SOURCE INFORMATION
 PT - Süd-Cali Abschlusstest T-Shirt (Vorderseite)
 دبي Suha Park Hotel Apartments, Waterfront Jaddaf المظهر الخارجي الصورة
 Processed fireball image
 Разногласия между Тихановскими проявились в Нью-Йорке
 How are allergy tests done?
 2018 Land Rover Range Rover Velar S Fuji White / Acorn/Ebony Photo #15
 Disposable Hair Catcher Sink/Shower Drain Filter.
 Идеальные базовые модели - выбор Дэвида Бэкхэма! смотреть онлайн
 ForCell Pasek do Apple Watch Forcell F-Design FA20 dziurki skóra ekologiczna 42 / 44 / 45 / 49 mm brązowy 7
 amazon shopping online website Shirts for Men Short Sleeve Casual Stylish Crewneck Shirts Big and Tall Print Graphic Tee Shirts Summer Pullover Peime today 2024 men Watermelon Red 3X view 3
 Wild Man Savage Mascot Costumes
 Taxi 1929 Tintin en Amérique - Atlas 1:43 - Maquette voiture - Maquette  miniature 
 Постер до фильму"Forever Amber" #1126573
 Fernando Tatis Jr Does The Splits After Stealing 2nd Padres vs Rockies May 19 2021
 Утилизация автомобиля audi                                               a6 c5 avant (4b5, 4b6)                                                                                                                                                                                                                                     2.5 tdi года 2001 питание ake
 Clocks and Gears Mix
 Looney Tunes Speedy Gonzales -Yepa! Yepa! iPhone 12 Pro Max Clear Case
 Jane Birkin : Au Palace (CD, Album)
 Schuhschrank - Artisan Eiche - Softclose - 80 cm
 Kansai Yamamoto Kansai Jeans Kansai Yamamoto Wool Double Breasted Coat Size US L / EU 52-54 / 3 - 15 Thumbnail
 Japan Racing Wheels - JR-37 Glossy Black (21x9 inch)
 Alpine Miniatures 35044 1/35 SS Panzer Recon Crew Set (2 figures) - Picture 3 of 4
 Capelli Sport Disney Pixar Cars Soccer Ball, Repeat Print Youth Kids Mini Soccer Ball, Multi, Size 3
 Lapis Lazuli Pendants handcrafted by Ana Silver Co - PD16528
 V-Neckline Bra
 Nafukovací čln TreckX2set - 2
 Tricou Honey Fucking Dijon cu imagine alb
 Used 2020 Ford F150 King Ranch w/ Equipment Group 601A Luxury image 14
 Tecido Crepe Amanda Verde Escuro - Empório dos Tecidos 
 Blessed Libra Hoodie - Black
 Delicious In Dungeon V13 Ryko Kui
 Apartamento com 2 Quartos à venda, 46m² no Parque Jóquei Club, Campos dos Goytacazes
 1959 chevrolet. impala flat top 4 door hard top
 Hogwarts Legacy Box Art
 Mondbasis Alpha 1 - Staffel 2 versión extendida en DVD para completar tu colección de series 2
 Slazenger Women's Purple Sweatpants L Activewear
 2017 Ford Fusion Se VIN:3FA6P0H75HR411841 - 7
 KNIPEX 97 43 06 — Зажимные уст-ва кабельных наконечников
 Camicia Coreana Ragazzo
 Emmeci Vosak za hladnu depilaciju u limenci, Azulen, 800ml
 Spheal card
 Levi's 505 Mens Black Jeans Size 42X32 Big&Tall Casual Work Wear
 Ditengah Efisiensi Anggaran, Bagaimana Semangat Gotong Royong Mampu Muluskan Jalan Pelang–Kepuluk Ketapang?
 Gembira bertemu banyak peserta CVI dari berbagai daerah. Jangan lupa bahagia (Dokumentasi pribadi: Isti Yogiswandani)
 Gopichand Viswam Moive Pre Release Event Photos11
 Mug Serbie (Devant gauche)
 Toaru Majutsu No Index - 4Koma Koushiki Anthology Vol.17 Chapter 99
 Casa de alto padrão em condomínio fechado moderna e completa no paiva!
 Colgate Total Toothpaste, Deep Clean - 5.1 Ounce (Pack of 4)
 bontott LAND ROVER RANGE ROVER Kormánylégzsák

WORK ORDER
Each line of the listing should be retyped exactly, with nothing left out.

ANSWER AREA
 PT - Süd-Cali Abschlusstest T-Shirt (Vorderseite)
 دبي Suha Park Hotel Apartments, Waterfront Jaddaf المظهر الخارجي الصورة
 Processed fireball image
 Разногласия между Тихановскими проявились в Нью-Йорке
 How are allergy tests done?
 2018 Land Rover Range Rover Velar S Fuji White / Acorn/Ebony Photo #15
 Disposable Hair Catcher Sink/Shower Drain Filter.
 Идеальные базовые модели - выбор Дэвида Бэкхэма! смотреть онлайн
 ForCell Pasek do Apple Watch Forcell F-Design FA20 dziurki skóra ekologiczna 42 / 44 / 45 / 49 mm brązowy 7
 amazon shopping online website Shirts for Men Short Sleeve Casual Stylish Crewneck Shirts Big and Tall Print Graphic Tee Shirts Summer Pullover Peime today 2024 men Watermelon Red 3X view 3
 Wild Man Savage Mascot Costumes
 Taxi 1929 Tintin en Amérique - Atlas 1:43 - Maquette voiture - Maquette  miniature 
 Постер до фильму"Forever Amber" #1126573
 Fernando Tatis Jr Does The Splits After Stealing 2nd Padres vs Rockies May 19 2021
 Утилизация автомобиля audi                                               a6 c5 avant (4b5, 4b6)                                                                                                                                                                                                                                     2.5 tdi года 2001 питание ake
 Clocks and Gears Mix
 Looney Tunes Speedy Gonzales -Yepa! Yepa! iPhone 12 Pro Max Clear Case
 Jane Birkin : Au Palace (CD, Album)
 Schuhschrank - Artisan Eiche - Softclose - 80 cm
 Kansai Yamamoto Kansai Jeans Kansai Yamamoto Wool Double Breasted Coat Size US L / EU 52-54 / 3 - 15 Thumbnail
 Japan Racing Wheels - JR-37 Glossy Black (21x9 inch)
 Alpine Miniatures 35044 1/35 SS Panzer Recon Crew Set (2 figures) - Picture 3 of 4
 Capelli Sport Disney Pixar Cars Soccer Ball, Repeat Print Youth Kids Mini Soccer Ball, Multi, Size 3
 Lapis Lazuli Pendants handcrafted by Ana Silver Co - PD16528
 V-Neckline Bra
 Nafukovací čln TreckX2set - 2
 Tricou Honey Fucking Dijon cu imagine alb
 Used 2020 Ford F150 King Ranch w/ Equipment Group 601A Luxury image 14
 Tecido Crepe Amanda Verde Escuro - Empório dos Tecidos 
 Blessed Libra Hoodie - Black
 Delicious In Dungeon V13 Ryko Kui
 Apartamento com 2 Quartos à venda, 46m² no Parque Jóquei Club, Campos dos Goytacazes
 1959 chevrolet. impala flat top 4 door hard top
 Hogwarts Legacy Box Art
 Mondbasis Alpha 1 - Staffel 2 versión extendida en DVD para completar tu colección de series 2
 Slazenger Women's Purple Sweatpants L Activewear
 2017 Ford Fusion Se VIN:3FA6P0H75HR411841 - 7
 KNIPEX 97 43 06 — Зажимные уст-ва кабельных наконечников
 Camicia Coreana Ragazzo
 Emmeci Vosak za hladnu depilaciju u limenci, Azulen, 800ml
 Spheal card
 Levi's 505 Mens Black Jeans Size 42X32 Big&Tall Casual Work Wear
 Ditengah Efisiensi Anggaran, Bagaimana Semangat Gotong Royong Mampu Muluskan Jalan Pelang–Kepuluk Ketapang?
 Gembira bertemu banyak peserta CVI dari berbagai daerah. Jangan lupa bahagia (Dokumentasi pribadi: Isti Yogiswandani)
 Gopichand Viswam Moive Pre Release Event Photos11
 Mug Serbie (Devant gauche)
 Toaru Majutsu No Index - 4Koma Koushiki Anthology Vol.17 Chapter 99
 Casa de alto padrão em condomínio fechado moderna e completa no paiva!
 Colgate Total Toothpaste, Deep Clean - 5.1 Ounce (Pack of 4)
 bontott LAND ROVER RANGE ROVER Kormánylégzsák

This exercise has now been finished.